# I am in 2 minds and need help please



## Marius Combrink (7/12/15)

Ok so after my m80 decided to stop working I was thinking of getting a rolo RX200 with my december pay. 
But now we just found out that my daughter has a gymnastics competition next year................. in Italy 
So now cash is going to be extremely tight as we have to save big time for this trip. 
So what i actually want to know. Is it really worth getting a 200w mod apart from the fact that its epic for my dripper. 
I currently use a subtank mini and a goliath. In the mornings I use my nautilus. So as you can see its not really high power devices. Or would i just waste my money?


----------



## Eequinox (7/12/15)

Marius Combrink said:


> Ok so after my m80 decided to stop working I was thinking of getting a rolo RX200 with my december pay.
> But now we just found out that my daughter has a gymnastics competition next year................. in Italy
> So now cash is going to be extremely tight as we have to save big time for this trip.
> So what i actually want to know. Is it really worth getting a 200w mod apart from the fact that its epic for my dripper.
> I currently use a subtank mini and a goliath. In the mornings I use my nautilus. So as you can see its not really high power devices. Or would i just waste my money?
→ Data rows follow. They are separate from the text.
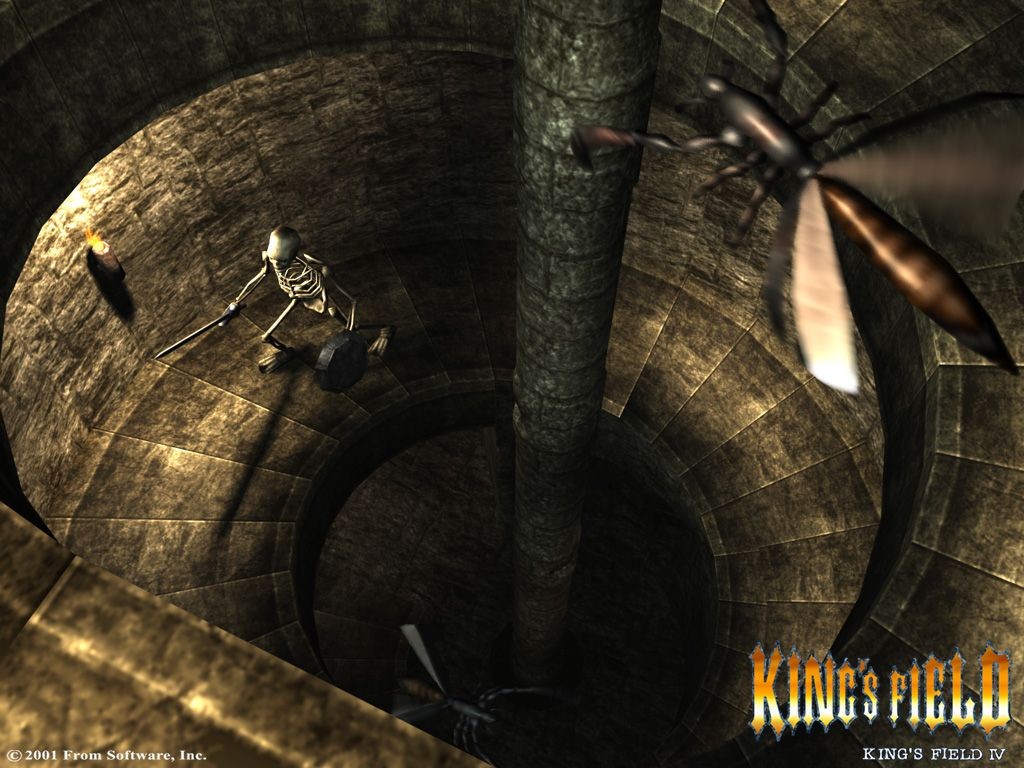 Wallpapers Video Games Kings Field 4 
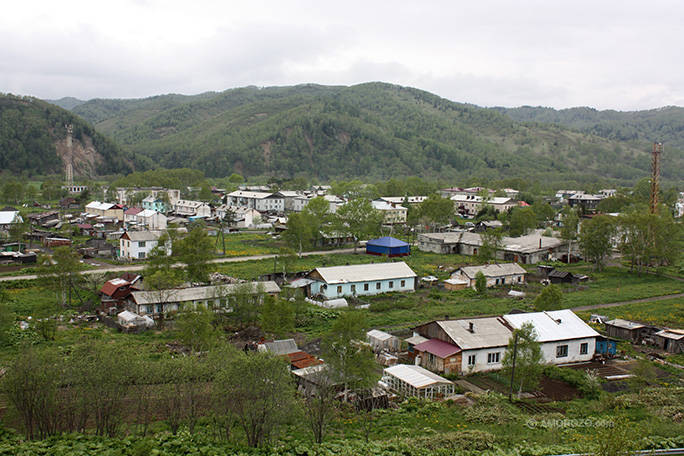 Чапланово, Холмский район, Остров Сахалин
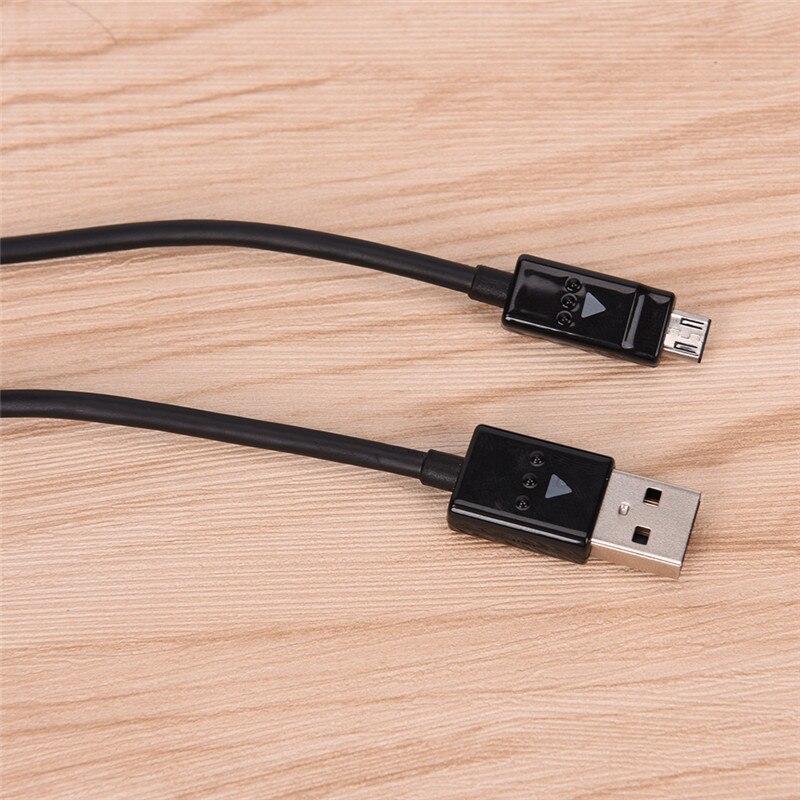 Universal black For Android Micro Usb Cable 20Awg 1.2m Black Fast Charging Lines Universal Micro USB Data Charging Cable USB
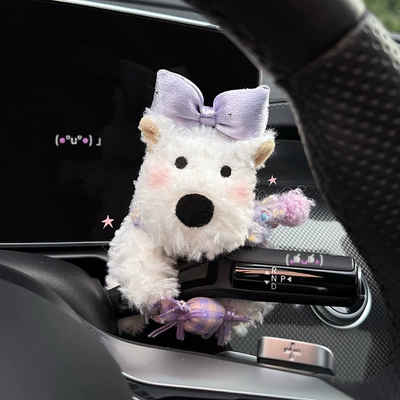 Car Dashboard Decoration Steering Wheel: Car ornaments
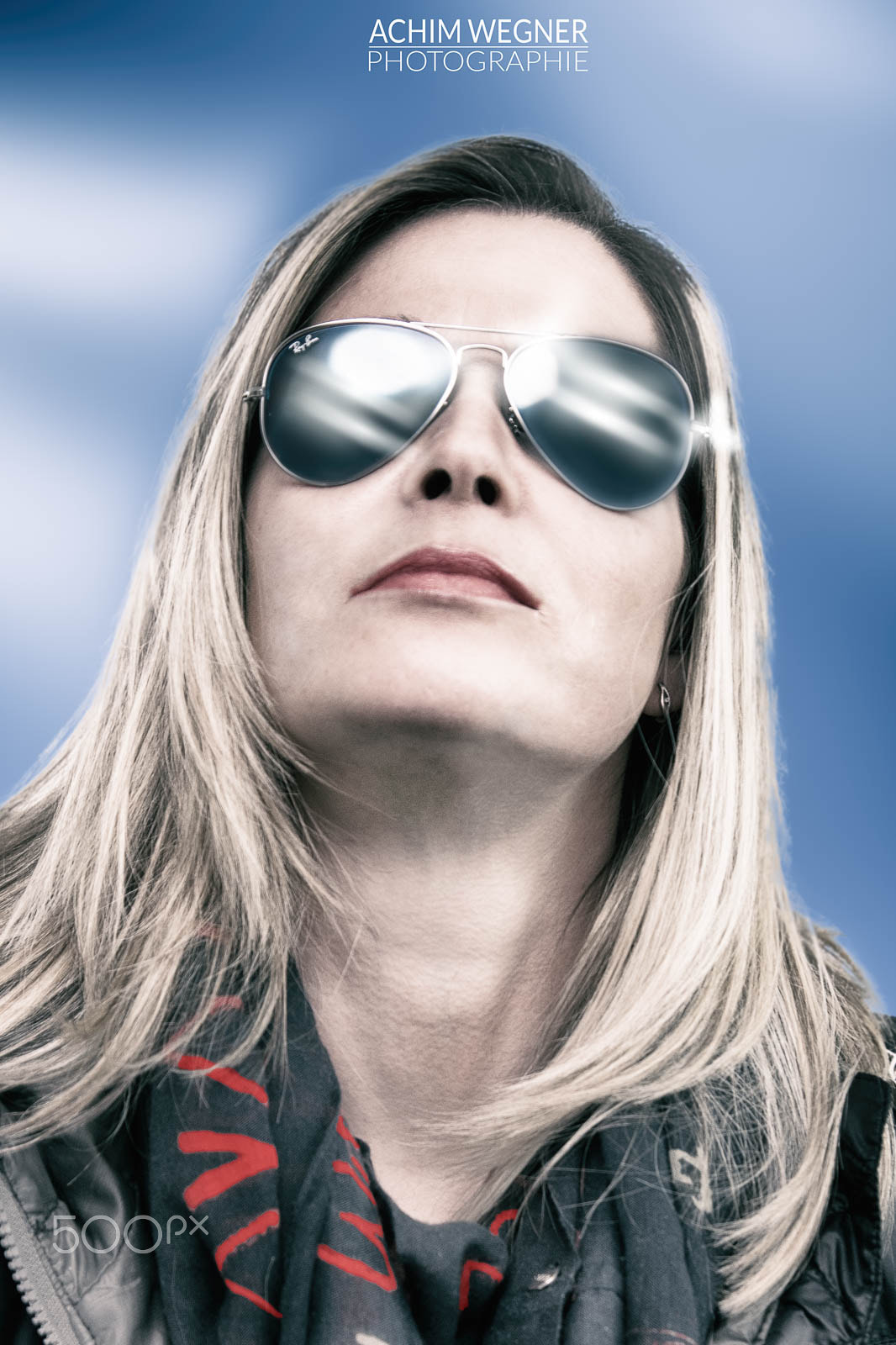 Nikon D500 sample photo. Blue skies photography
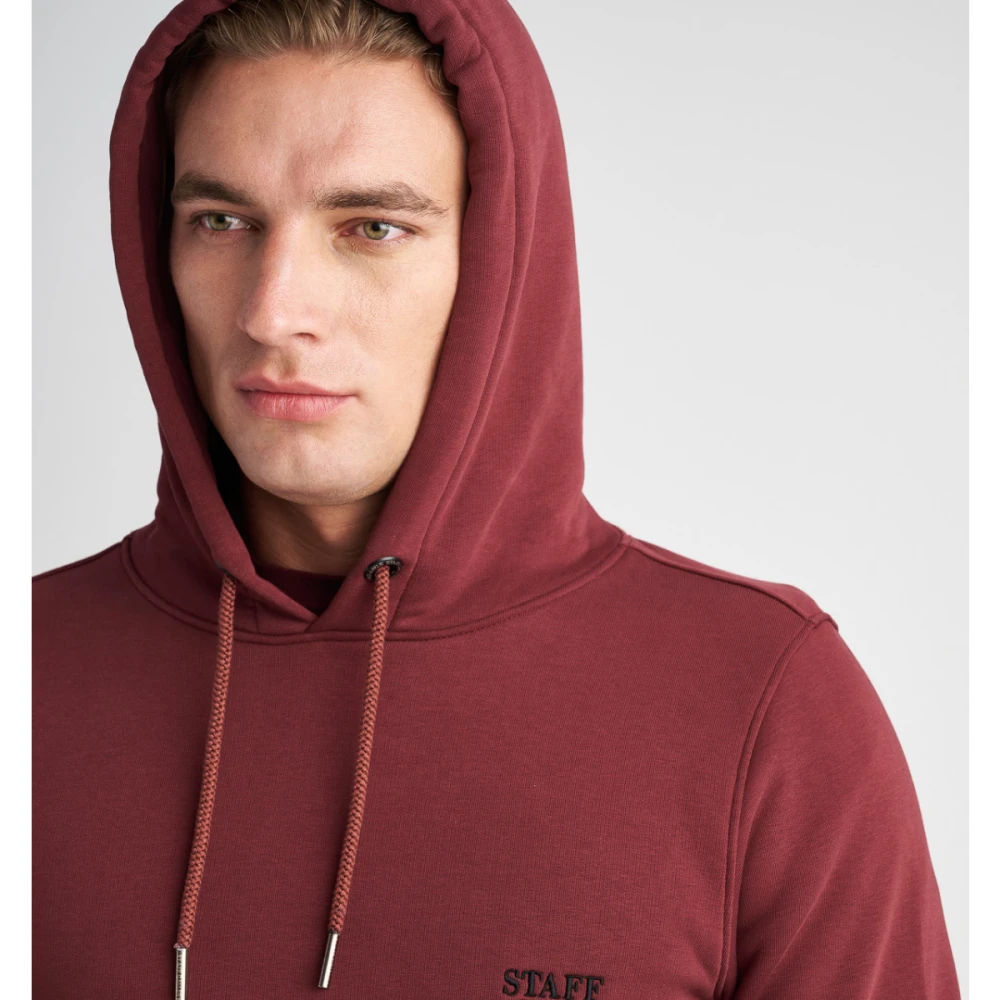 STAFF Ανδρική Μπλούζα Φούτερ Porter 64-154.052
That a good question i was at the vape meet and a lot of people on the 200w mods were not even on those high wattages i think it's all about personal preference if you get a good vape on your setup why get something else especially of cash is tight

Reactions: Like 1 | Agree 2


----------



## Rob Fisher (7/12/15)

Unless you are a serious competition cloud blower and want to play with fancy coils and the like then there is no reason to get a 200 watt device imho...I have a Snow Wolf 200w and the Rolo DNA200 and I haven't taken either of them over 70 watts...

Reactions: Agree 2


----------



## Marius Combrink (7/12/15)

Eequinox said:


> That a good question i was at the vape meet and a lot of people on the 200w mods were not even on those high wattages i think it's all about personal preference if you get a good vape on your setup why get something else especially of cash is tight


Yeah i saw exactly the same thing. 
Only place I saw 200w was at the cloud comp.
@Rob Fisher i thought you squonk religiously. What you doing with regulated mods? Just kidding

I might see if i can squeeze some bucks to get a new mod as my kbox cant really push my rda to my point of satisfaction as i could with the m80


----------



## Rob Fisher (7/12/15)

Marius Combrink said:


> @Rob Fisher i thought you squonk religiously. What you doing with regulated mods? Just kidding



 I squonk around 95% of the time... but I do love playing with new stuff just to see if I'm missing out... I enjoy the Bellus tank with my Foggs Milky Way and now I'm playing with the Arctic Turbo at 70 watts and having a great time... interested to see how long the 3 coils last in the tank! And all these tanks could be driven by my Sigelei 75!

Reactions: Like 1


----------



## Bartart (7/12/15)

FOMO FOMO!
That's why I bought one, and to be able to get into TC to see if it's all it's cracked up to be. 
If you anything like me all the shiny new things need to be mine. This hobby will bankrupt me If I'm not careful.
Seriously though I haven't gone above 80w yet on my kanthal coils,and mostly I've been around 35 to 45w
But then I'm very new and still finding my way

Reactions: Like 1


----------



## zadiac (8/12/15)

Get an iStick 100W and you're good to go. You'll probably never even vape at 100W.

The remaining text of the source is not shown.